Bloc Party - Silent Alarm: Remixed
The fact that their debut full-length album was a smash with critics and record buyers on both sides of the Atlantic apparently wasn’t enough for Bloc Party. That’s why they’re re-releasing it as a track-for-track version of remixes titled, oddly enough, Silent Alarm: Remixed.
A few of these had already been kicking around as b-sides and the like, although the rest are completely new mixes. The previously released tracks are Whitey’s remix of ‘Helicopter’, which appeared as a b-side to “So Here We Are”, and the versions of ‘Positive Tension’ and ‘Price of Gas’ done by Pretty Girls Make Graves’ Jason Clark and Automato, respectively, which both appeared on a bonus LP issued with the American vinyl release on Dim Mak Records. The Phones Disco Edit remix of ‘Banquet’ which appears on this release is the most familiar, having previously been released on the self-titled EP, as a b-side to ‘Little Thoughts’, and as a b-side to the ‘Banquet’ maxi-single, in addition to being available for free download on the band’s website. It’s also one of the best tracks.
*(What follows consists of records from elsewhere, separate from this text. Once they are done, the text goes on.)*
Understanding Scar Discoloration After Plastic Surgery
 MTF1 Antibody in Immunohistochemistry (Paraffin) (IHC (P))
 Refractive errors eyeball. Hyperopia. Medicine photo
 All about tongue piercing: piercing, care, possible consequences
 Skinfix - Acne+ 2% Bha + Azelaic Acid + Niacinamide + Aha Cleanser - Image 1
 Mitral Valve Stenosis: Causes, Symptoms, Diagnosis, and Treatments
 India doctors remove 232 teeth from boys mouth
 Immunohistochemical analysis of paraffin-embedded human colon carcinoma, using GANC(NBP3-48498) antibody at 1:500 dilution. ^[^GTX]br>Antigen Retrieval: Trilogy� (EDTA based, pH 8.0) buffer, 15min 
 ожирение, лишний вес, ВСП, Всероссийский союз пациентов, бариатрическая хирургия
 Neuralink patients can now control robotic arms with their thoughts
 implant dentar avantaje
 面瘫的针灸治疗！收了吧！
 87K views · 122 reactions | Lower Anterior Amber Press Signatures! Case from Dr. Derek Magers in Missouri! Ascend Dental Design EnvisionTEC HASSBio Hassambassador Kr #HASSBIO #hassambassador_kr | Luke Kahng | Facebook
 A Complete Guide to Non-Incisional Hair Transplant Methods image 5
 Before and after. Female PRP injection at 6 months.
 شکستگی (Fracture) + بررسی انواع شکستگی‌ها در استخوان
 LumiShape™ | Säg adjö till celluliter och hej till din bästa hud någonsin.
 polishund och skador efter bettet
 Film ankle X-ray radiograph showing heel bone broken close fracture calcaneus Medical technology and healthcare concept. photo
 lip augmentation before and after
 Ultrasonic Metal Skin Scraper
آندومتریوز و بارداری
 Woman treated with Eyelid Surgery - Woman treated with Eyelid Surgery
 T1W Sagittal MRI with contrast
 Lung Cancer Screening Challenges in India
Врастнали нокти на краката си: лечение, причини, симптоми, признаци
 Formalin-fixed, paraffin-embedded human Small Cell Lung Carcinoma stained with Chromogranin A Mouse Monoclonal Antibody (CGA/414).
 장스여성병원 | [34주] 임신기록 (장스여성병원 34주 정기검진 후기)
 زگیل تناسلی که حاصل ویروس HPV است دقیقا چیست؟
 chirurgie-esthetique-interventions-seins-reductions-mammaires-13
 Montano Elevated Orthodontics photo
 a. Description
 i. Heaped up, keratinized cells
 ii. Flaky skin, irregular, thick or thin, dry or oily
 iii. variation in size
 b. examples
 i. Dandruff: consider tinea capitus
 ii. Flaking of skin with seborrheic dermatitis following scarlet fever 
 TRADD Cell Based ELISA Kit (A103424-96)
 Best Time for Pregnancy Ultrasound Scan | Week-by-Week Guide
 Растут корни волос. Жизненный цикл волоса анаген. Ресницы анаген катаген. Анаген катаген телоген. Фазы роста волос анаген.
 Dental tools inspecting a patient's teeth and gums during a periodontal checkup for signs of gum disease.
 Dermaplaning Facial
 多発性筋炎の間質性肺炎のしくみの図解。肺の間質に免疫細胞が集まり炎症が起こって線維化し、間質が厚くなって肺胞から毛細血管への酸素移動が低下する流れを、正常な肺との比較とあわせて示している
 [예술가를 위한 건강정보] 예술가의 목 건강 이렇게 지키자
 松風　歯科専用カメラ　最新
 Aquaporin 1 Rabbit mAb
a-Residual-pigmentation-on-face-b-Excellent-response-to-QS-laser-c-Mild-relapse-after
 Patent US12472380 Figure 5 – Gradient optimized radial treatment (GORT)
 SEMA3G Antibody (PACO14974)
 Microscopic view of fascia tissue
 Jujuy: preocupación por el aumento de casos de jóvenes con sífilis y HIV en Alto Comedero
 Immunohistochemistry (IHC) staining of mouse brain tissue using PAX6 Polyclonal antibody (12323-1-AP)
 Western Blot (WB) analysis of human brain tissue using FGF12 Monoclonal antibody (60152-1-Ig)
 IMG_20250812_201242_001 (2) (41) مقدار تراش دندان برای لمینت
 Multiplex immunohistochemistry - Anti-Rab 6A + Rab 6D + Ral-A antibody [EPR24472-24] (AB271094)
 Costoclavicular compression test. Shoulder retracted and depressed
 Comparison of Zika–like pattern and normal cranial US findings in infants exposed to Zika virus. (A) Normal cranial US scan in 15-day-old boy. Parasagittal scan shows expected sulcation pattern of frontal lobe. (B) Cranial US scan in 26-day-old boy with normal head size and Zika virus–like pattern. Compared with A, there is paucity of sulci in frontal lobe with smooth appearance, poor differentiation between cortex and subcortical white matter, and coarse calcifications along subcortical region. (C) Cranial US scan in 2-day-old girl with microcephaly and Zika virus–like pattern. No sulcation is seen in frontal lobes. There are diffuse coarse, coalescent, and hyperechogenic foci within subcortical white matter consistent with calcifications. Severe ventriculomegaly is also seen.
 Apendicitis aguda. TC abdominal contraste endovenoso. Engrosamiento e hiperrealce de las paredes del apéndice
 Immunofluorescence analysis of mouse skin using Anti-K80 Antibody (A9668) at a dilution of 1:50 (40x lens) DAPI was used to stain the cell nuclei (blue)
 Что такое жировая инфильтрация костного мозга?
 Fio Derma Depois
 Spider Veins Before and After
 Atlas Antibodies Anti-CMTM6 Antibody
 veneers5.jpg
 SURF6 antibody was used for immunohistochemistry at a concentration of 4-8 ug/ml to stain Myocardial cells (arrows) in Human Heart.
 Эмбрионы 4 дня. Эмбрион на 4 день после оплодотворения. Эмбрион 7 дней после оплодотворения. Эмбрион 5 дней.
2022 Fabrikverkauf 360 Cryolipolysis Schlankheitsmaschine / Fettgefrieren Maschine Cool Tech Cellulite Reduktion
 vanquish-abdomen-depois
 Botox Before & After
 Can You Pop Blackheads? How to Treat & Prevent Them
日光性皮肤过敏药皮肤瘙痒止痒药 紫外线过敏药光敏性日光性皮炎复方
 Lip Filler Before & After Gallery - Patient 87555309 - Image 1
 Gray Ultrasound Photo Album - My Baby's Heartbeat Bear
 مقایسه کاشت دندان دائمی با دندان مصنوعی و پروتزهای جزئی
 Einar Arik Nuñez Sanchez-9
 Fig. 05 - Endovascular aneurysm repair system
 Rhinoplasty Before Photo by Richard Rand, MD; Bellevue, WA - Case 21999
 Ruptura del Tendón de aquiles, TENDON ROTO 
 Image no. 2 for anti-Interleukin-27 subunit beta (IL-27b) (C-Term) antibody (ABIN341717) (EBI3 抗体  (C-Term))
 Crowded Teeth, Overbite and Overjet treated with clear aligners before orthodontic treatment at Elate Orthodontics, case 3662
Of the new remixes, quite a few are really good, particularly the Dave P and Adam Sparkles Making Time remix of ‘This Modern Love’ and the M83 version of ‘Pioneers’. However, Ladytron’s reworking of ‘Like Eating Glass’ stripped down anything interesting about the song in the first place, and the Engineers’ take on ‘Blue Light’ turned it into a boring muddle of shoegaze. American labelmates Death From Above 1979 turned in not a remix, but an actual cover of ‘Luno’ that was actually not bad, considering I’m not really a huge DFA fan.
So, is it worth buying? Probably only if you really like remixes, really like Bloc Party, or some combination thereof and you don’t already have the singles with the b-sides already. Quite a few are very good, like the aforementioned ‘Banquet’, ‘Positive Tension’, and ‘This Modern Love’ mixes. Otherwise, you might prefer to buy only the new remixes you like off of iTunes, unless you just really want to wait for the extra disc of bonus tracks that will be released with the first 15,000 copies of the American version in September. But before you go rushing off to be first in line for that: they’re all old b-sides, too.
Silent Alarm: Remixed is released 29 August 2005 on Wichita Records, and 13 September 2005 in the U.S. on Vice Records.